EXERCISE DESCRIPTION = With pictures excluded, repeat exactly the lines from the one containing "FP55OXM are the vehicle registration plates." through the last line of the material below.

### DATA BELOW ###

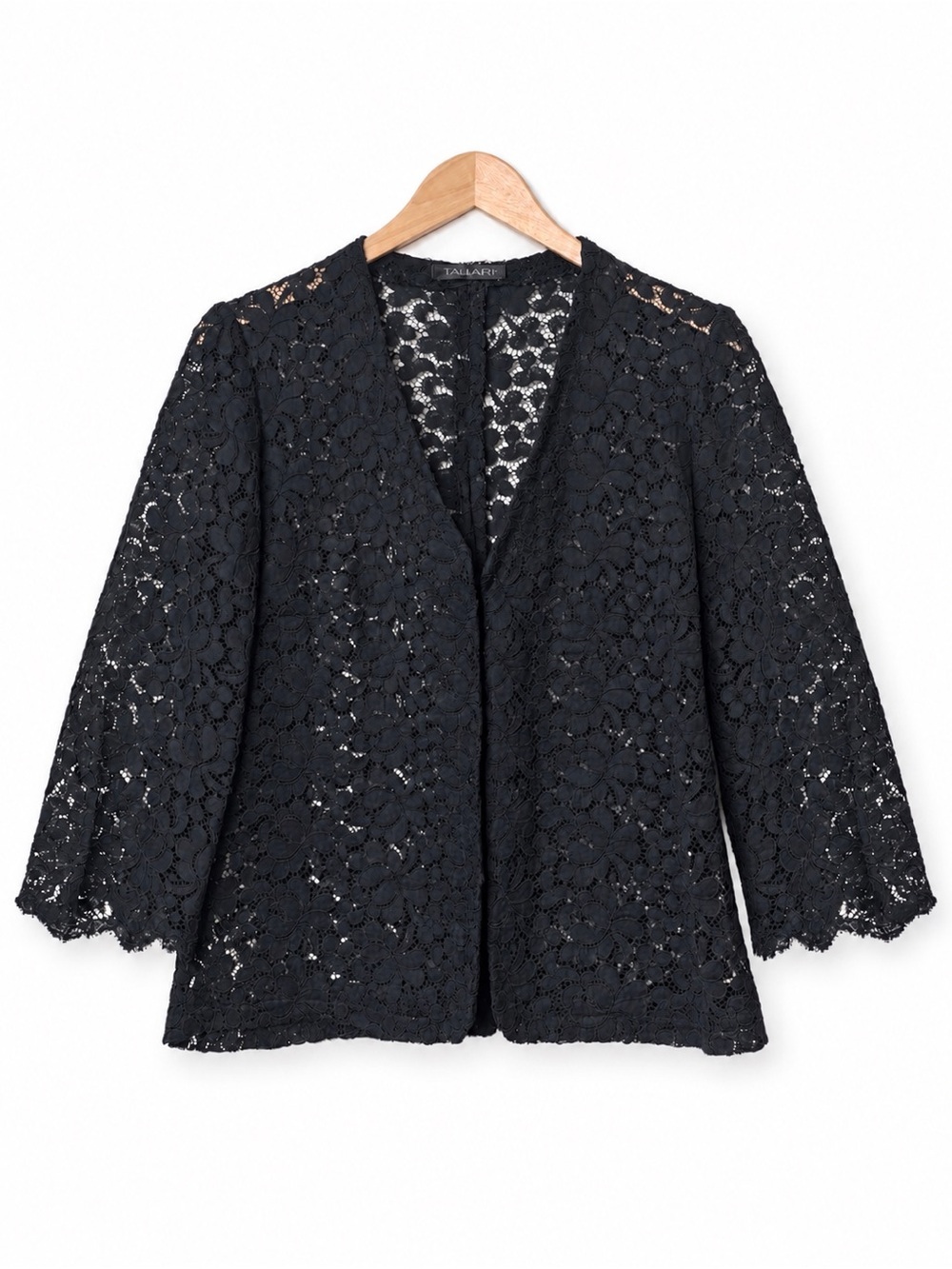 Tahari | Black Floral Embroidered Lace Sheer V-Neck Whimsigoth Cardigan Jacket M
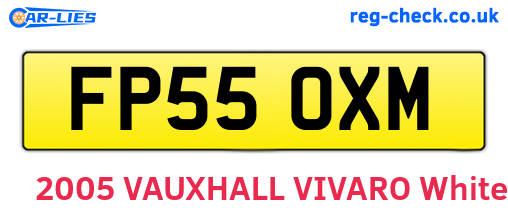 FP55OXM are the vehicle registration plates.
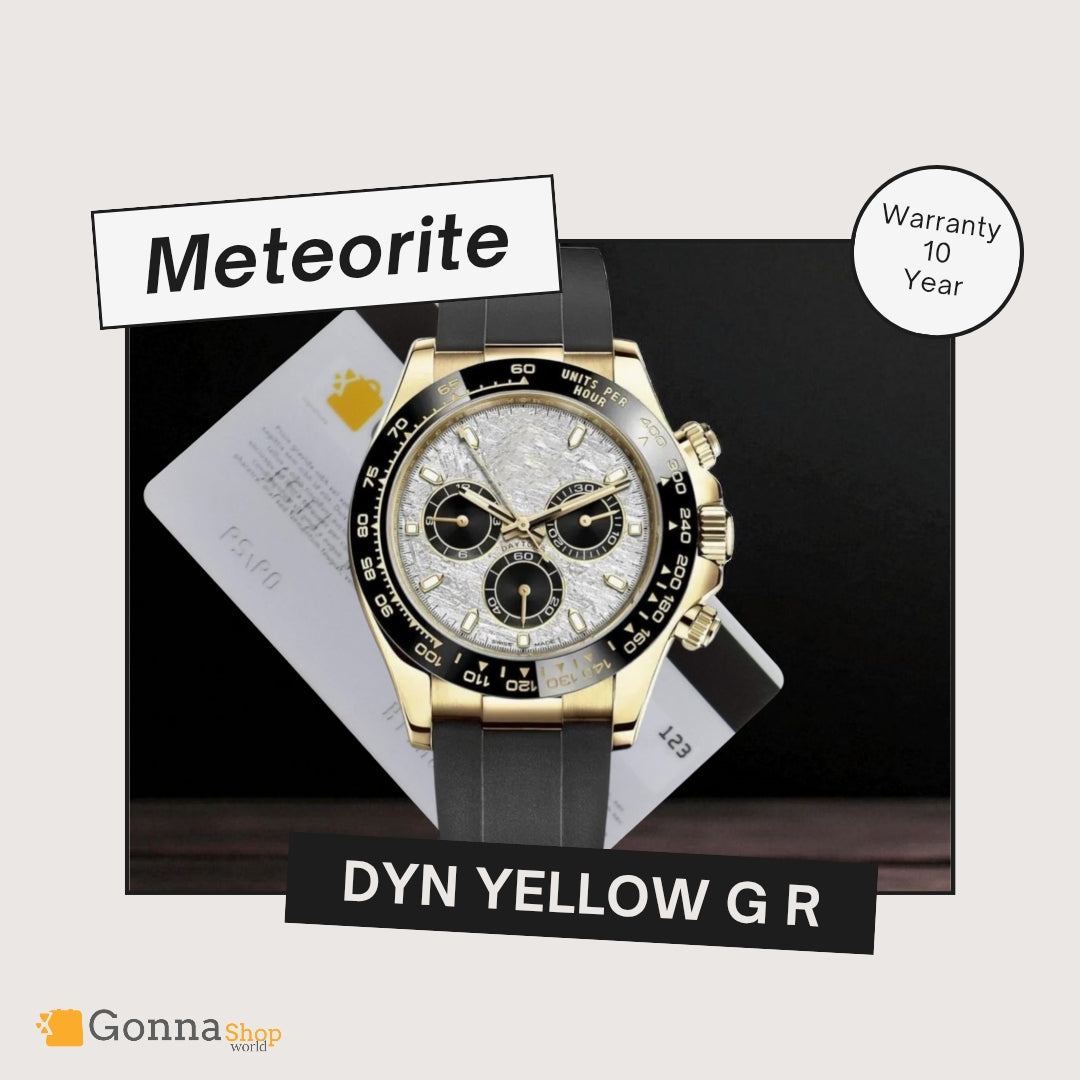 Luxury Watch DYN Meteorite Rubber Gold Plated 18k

###

RESULT OF THIS TASK =
 FP55OXM are the vehicle registration plates.
 Luxury Watch DYN Meteorite Rubber Gold Plated 18k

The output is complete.